When to refer: if a patient has a history of cancer with a new sudden onset of swelling this could be a sign of cancer recurrence and the patient should be seen by their oncologist for work up. If they have a history of lymphedema and the swelling has progressively gotten worse then that would be an indication referred to a lymphedema therapist. Also, if they are post-op with persistent swelling, or pregnant with swollen legs and/or genitals, they can be seen by a lymphedema therapist.
Now the question I always love to ask therapists: how do you get your patients? Unfortunately there is still so much inconsistency with MD referrals as well as interdisciplinary advocacy. Luckily, Dr. Hill does not encounter this issue in her clinic often. “Most of my patients are referred from providers in the area who have been marketed to, but I also get referrals by word-of-mouth. Additionally, it’s important with pelvic health and oncology populations to foster relationships with a variety of providers including primary care providers, oncologists, radiation oncologists, surgical oncologists, urologists, OB/GYNs, urogynecologists, vascular specialists, midwives, acupuncturists, and nutritionists/dieticians. Having a multidisciplinary team not only helps your patients, but it helps with referrals too!” Hopefully, our profession as a whole can cultivate such a positive relationship with other healthcare professionals to better help our patients and referrals!

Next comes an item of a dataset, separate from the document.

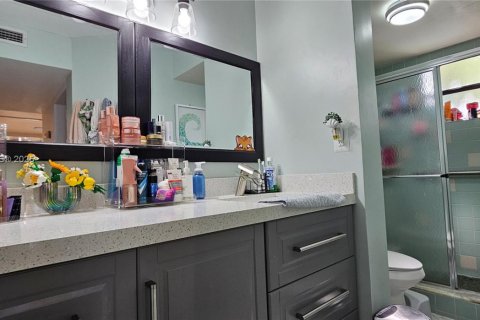 Condominio en venta en Plantation, Florida, 2 dormitorios, 104.05 m2 № 1955768 - foto 12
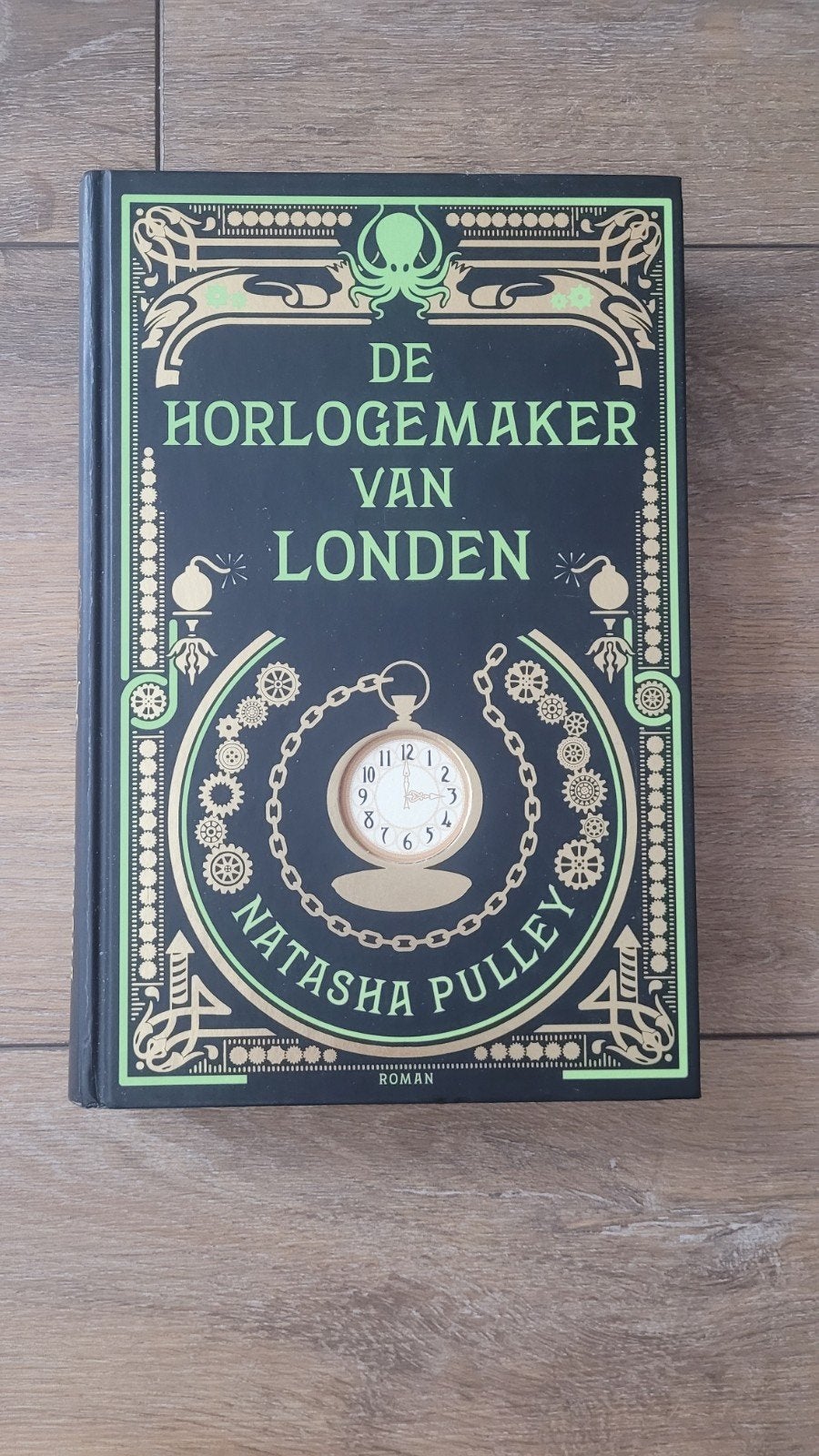 De Horlogemaker van Londen - Natasha Pulley, Boeken, Ophalen of Verzenden, Zo goed als nieuw, Natasha Pulley, Europa overig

Though she has a great multidisciplinary team, Dr. Hill still believes this is an underserved community and we can do more to advocate for the lymphedema specialty! “Significantly more education and awareness can be done for lymphedema and people who are living with lymphedema. Some insurances do not cover compression garments, which is critical in managing lymphedema long-term. This puts a financial strain and creates reduced access to compression garments for many people. Getting devices like an intermittent compression device, which helps reduce swelling, can take jumping through hoops to obtain as well. The Lymphedema Treatment Act (https://lymphedematreatmentact.org/) was first introduced into Congress in 2010 (currently awaiting reintroduction) with an aim of improving insurance coverage for lymphedema treatment. People can get involved with supporting the Lymphedema Treatment Act by contacting Senators and Representatives as well as sharing information about this cause.”
Interested in following more lymphedema PT’s on insta to get a better glimpse in the field? Dr. Alex Hill recommends these 4 accounts: @lymphedemapodcast @cancerrehabpt @lymphlifeot @the_lymph_therapist. She also lists a few other great resources: “The National Lymphedema Network and Lymphatic Education and Research Network are fantastic organizations for updates on patient education and resources for clinicians. The Lymphology Association of North America (LANA) has resources to find lymphedema specialists, links to support groups and other lymphedema-related organizations, and information on how to become a LANA Certified Lymphedema Therapist.”